`finch-tensor` performance

mtsokol commented 6 months ago

Hi @willow-ahrens @hameerabbasi,

I managed to run first simple benchmarks in pydata/sparse with PyData and Finch backends. asv tool was used for benchmarking which runs a "setup" function to execute the compilation step and then calls benchmarked function a few times, and takes a median.

First thing for the investigation is eager and lazy modes results. For a function:

def my_custom_fun(arr1, arr2, arr3):
    temp = finch.multiply(arr1, arr2)
    temp = finch.divide(temp, arr3)
    reduced = finch.sum(temp, axis=(0, 1))
    return finch.add(temp, reduced)

With a random CSF input 100x100x100, density 0.01, the benchmark results were:

PyData backend: 282±2ms
Finch backend - eager mode: 688±30ms
Finch backend - lazy mode: 2.12±0.2s

I used py-spy profiler to inspect the lazy mode and for each compiled function call, all of the time was spent on the Julia side (juliacall and Finch):

I also initially benchmarked element-wise functions, +/* of two random 100x100x100 CSF tensors (eager mode only):

PyData backend: 74.1±9ms/72.4±2ms
Finch backend: 20.7±0.4ms/10.9±0.1ms

Comments

Which 3D format should be the most performant one for this kind of benchmarks? (I tried COO and CSF, and CSF had better results)
Could juliacall cause this overhead?
Could it be using larger tensors to see the performance advantage?

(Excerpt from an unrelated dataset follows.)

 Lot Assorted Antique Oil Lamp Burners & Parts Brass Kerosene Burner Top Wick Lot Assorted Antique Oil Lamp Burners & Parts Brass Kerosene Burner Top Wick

willow-ahrens commented 6 months ago

When we benchmark the higher-level Finch functions, two questions need answering:

What is the overhead of calling the function? We could answer this by benchmarking on 1x1 matrices.
What is the performance of the function ignoring the overhead of calling? We could answer this by benchmarking on 1_000_000 x 1_000_000 matrices with 0.001 or 0.01 nonzeros. If this call hangs and does not finish, we might accidentally be generating dense code somewhere, and should investigate that. Refer to the optimization tips for potential pitfalls, and try printing out what finch calls are getting generated.

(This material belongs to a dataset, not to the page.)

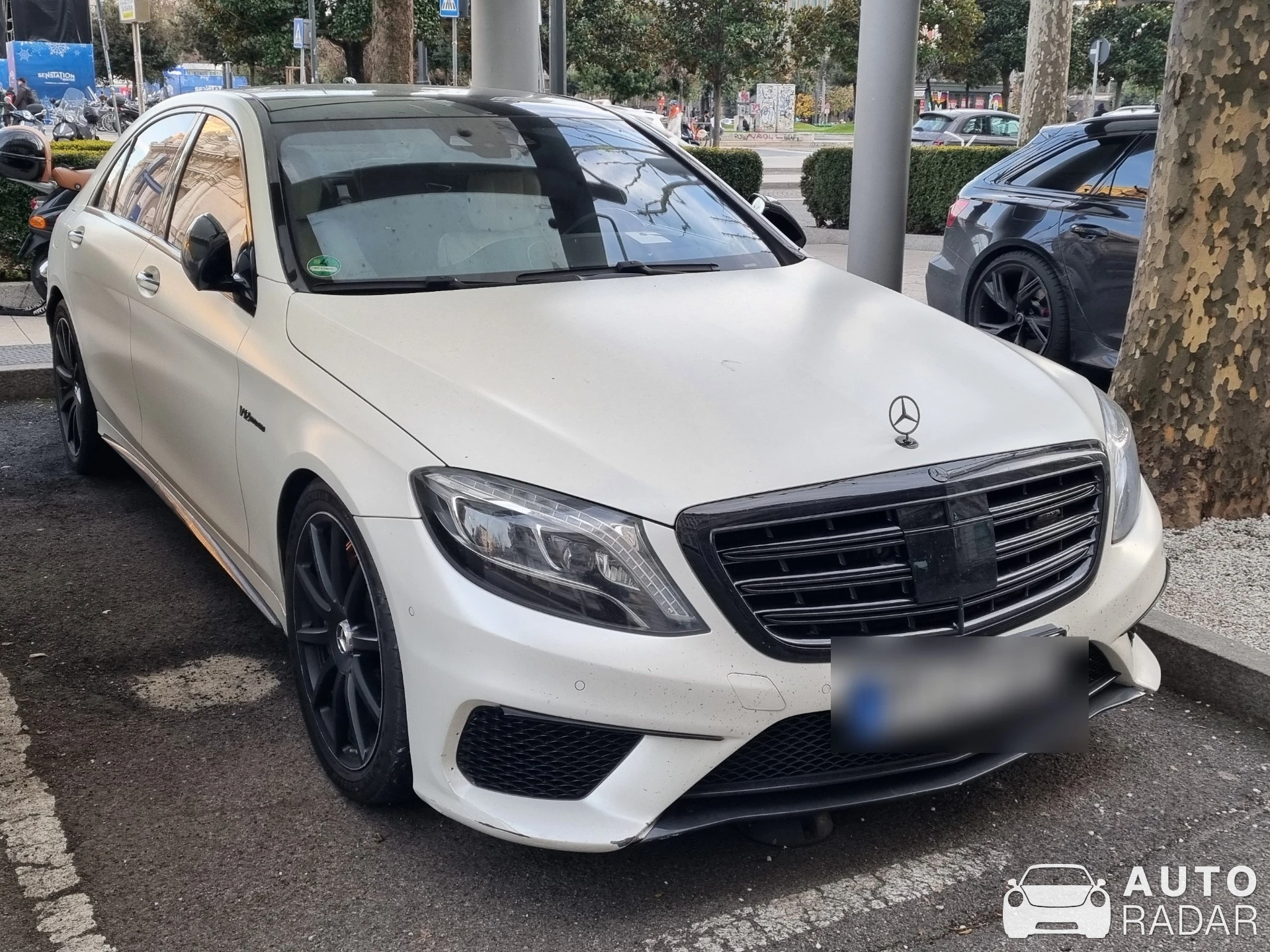 Mercedes-AMG S 65 V222 spotted in Milano, Italia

Once we have determined what the calling overhead is and we have ruled out performance gotchas, we can talk about reducing both of them. We can improve scheduling heuristics (improving loop ordering to reduce transposing and improve filtering, reduce the number of arguments we process at once to reduce code bloat, etc.), reduce the runtime of the scheduler (avoid fixpoint rewriting, ensure more static typing, etc.), cache scheduled programs, etc. I'll also link to https://github.com/willow-ahrens/Finch.jl/issues/460, which points out that the calling overhead of scheduling anything appears to be 200 ms.

Also, for input formats, I would go for CSF in general.

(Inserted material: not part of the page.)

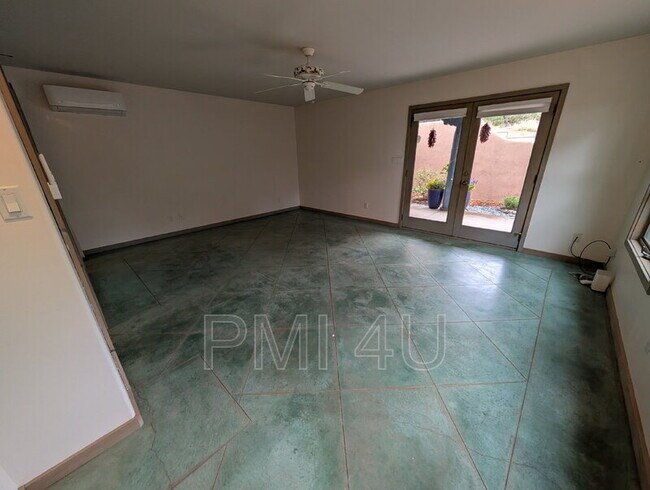 Building Photo - 41 Tunnel Springs Rd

rgommers commented 6 months ago

If it helps, here is some code that could be reused for benchmark plots as a function of input array size: https://github.com/rgommers/explore-array-computing/blob/master/explore_xnd.ipynb. I quite like such plots, since they show in one glance the function call overhead and the scaling properties.

mtsokol commented 4 months ago

Hi @willow-ahrens,

Here's comparison of SDDMM written with @finch macro that you shared that executes for me in 422.570 μs, compared to lazy API implementation that is used by Python wrapper (executes in 380.194 ms).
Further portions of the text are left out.